Wednesday, March 31, 2021

Never use environment variables for configuration

Suppose you need to create a function for adding two numbers together in plain C. How would you write it? What sort of an API would it have? One possible implementation would be this:

int add_numbers(int one, int two) {
    return one + two;
}

// to call it you'd do
int three = add_numbers(1, 2);

Seems reasonable? But what if it was implemented like this instead:

int first_argument;
int second_argument;

void add_numbers(void) {
    return first_argument + second_argument;
}

// to call it you'd do
first_argument = 1;
second_argument = 2;
int three = add_numbers();

This is, I trust you all agree, terrible. This approach is plain wrong, against all accepted coding practices and would get immediately rejected in any code review. It is left as an exercise to the reader to come up with ways in which this architecture is broken. You don't even need to look into thread safety to find correctness bugs.

And yet we have environment variables

Environment variables is exactly this: mutable global state. Envvars have some legitimate usages (such as enabling debug logging) but they should never, ever be used for configuring core functionality of programs. Sadly they are used for this purpose a lot and there are some people who think that this is a good thing. This causes no end of headaches due to weird corner, edge and even common cases.

Persistance of state

For example suppose you run a command line program that has some sort of a persistent state.

$ SOME_ENVVAR=... some_command <args>

Then some time after that you run it again:

$ some_command <args>

The environment is now different. What should the program do? Use the old configuration that had the env var set or the new one where it is not set? Error out? Try to silently merge the different options into one? Something else?

The answer is that you, the end user, can not now. Every program is free to do its own thing and most do. If you have ever spent ages wondering why the exact same commands work when run from one terminal but not the other, this is probably why.

Lack of higher order primitives

An environment variable can only contain a single null-terminated stream of bytes. This is very limiting. At the very least you'd want to have arrays, but it is not supported. Surely that is not a problem, you say, you can always do in-band signaling. For example the PATH environment variable has many directories which are separated by the : character. What could be simpler? Many things, it turns out.

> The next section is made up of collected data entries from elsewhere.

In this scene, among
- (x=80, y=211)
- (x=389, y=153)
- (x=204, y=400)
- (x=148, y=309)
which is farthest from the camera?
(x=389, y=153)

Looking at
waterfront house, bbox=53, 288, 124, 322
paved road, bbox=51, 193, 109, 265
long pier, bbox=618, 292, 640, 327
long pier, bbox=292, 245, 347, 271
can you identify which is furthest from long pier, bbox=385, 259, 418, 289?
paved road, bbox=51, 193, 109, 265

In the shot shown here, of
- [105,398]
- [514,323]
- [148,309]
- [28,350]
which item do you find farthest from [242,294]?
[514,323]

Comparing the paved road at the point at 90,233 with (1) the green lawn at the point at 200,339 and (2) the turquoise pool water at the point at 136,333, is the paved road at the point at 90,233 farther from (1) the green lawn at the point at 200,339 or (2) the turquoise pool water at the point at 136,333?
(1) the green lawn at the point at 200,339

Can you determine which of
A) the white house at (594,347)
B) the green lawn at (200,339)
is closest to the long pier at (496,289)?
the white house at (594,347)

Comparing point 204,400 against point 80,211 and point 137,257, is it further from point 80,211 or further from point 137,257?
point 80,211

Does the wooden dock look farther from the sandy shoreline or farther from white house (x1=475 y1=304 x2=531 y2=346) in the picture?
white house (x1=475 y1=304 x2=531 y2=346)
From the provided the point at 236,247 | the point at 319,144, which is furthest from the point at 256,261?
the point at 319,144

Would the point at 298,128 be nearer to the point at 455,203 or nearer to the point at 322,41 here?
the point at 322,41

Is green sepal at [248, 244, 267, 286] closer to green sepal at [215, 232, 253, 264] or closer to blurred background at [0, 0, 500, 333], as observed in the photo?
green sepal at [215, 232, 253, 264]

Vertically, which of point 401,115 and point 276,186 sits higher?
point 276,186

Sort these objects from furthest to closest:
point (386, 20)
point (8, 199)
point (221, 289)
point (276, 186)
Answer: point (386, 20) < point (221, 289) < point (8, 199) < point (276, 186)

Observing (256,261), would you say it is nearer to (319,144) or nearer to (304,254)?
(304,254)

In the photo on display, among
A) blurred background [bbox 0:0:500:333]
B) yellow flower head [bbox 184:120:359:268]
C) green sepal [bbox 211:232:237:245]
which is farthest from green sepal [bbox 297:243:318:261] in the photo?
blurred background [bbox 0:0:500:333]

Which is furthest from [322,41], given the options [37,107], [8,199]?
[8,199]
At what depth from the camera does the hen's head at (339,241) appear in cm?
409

First of all the separator for paths is not always :. On Windows it is ;. More generally every program is free to choose its own. A common choice is space:

CFLAGS='-Dfoo="bar" -Dbaz' <command>

Except what if you need to pass a space character as part of the argument? Depending on the actual program, shell and the phase of the moon, you might need to do this:

ARG='-Dfoo="bar bar" -Dbaz'

or this:

ARG='-Dfoo="bar\ bar" -Dbaz'

or even this:

ARG='-Dfoo="bar\\ bar" -Dbaz'

There is no way to know which one of these is the correct form. You have to try them all and see which one works. Sometimes, as an implementation detail, the string gets expanded multiple times so you get to quote quote characters. Insert your favourite picture of Xzibit here.

For comparison using JSON configuration files this entire class os problems would not exist. Every application would read the data in the same way, because JSON provides primitives to express these higher level constructs. In contrast every time an environment variable needs to carry more information than a single untyped string, the programmer gets to create a new ad hoc data marshaling scheme and if there's one thing that guarantees usability it's reinventing the square wheel.

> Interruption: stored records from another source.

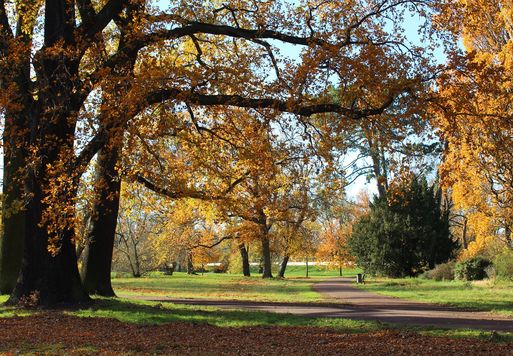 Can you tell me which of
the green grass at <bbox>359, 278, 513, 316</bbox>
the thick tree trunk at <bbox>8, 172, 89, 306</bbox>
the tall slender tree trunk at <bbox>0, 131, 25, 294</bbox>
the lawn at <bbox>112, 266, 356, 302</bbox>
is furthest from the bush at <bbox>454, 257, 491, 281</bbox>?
the tall slender tree trunk at <bbox>0, 131, 25, 294</bbox>

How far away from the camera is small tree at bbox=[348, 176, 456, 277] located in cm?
3334

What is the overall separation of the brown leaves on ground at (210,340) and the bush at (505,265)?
51.6 feet

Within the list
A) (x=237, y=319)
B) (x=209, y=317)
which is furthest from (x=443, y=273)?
(x=209, y=317)

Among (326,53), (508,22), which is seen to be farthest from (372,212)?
(326,53)

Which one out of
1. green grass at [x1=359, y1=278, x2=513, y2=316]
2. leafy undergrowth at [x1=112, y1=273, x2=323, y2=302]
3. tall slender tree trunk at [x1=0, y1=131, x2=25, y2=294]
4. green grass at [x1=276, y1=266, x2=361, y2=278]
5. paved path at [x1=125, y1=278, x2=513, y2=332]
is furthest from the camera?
green grass at [x1=276, y1=266, x2=361, y2=278]

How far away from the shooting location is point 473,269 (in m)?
27.2

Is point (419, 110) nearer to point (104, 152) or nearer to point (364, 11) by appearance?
point (364, 11)

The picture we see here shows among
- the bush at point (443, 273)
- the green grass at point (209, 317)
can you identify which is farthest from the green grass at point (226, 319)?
the bush at point (443, 273)

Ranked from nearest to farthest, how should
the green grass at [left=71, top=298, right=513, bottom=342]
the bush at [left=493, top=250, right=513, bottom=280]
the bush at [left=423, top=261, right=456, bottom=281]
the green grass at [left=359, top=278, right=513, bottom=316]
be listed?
the green grass at [left=71, top=298, right=513, bottom=342], the green grass at [left=359, top=278, right=513, bottom=316], the bush at [left=493, top=250, right=513, bottom=280], the bush at [left=423, top=261, right=456, bottom=281]

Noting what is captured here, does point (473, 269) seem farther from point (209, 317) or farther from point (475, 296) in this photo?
point (209, 317)

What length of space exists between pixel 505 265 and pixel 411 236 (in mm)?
9982

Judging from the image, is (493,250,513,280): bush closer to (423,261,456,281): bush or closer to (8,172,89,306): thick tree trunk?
(423,261,456,281): bush

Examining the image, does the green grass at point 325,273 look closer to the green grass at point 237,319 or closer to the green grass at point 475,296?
the green grass at point 475,296

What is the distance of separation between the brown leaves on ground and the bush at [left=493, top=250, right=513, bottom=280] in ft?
51.6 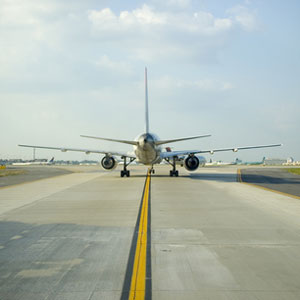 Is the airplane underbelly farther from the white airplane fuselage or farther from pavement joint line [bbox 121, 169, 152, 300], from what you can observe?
pavement joint line [bbox 121, 169, 152, 300]

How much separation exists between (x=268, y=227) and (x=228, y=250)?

There is a second, more insidious part to this. If a decision is made to configure something via an environment variable then the entire design goal changes. Instead of coming up with a syntax that is as good as possible for the given problem, instead the goal is to produce syntax that is easy to use when typing commands on the terminal. This reduces work in the immediate short term but increases it in the medium to long term.

Why are environment variables still used?

It's the same old trifecta of why things are bad and broken:

  1. Envvars are easy to add
  2. There are existing processes that only work via envvars
  3. "This is the way we have always done it so it must be correct!"
The first explains why even new programs add configuration options via envvars (no need to add code to the command line parser, so that's a net win right?).

The second makes it seem like envvars are a normal and reasonable thing as they are so widespread.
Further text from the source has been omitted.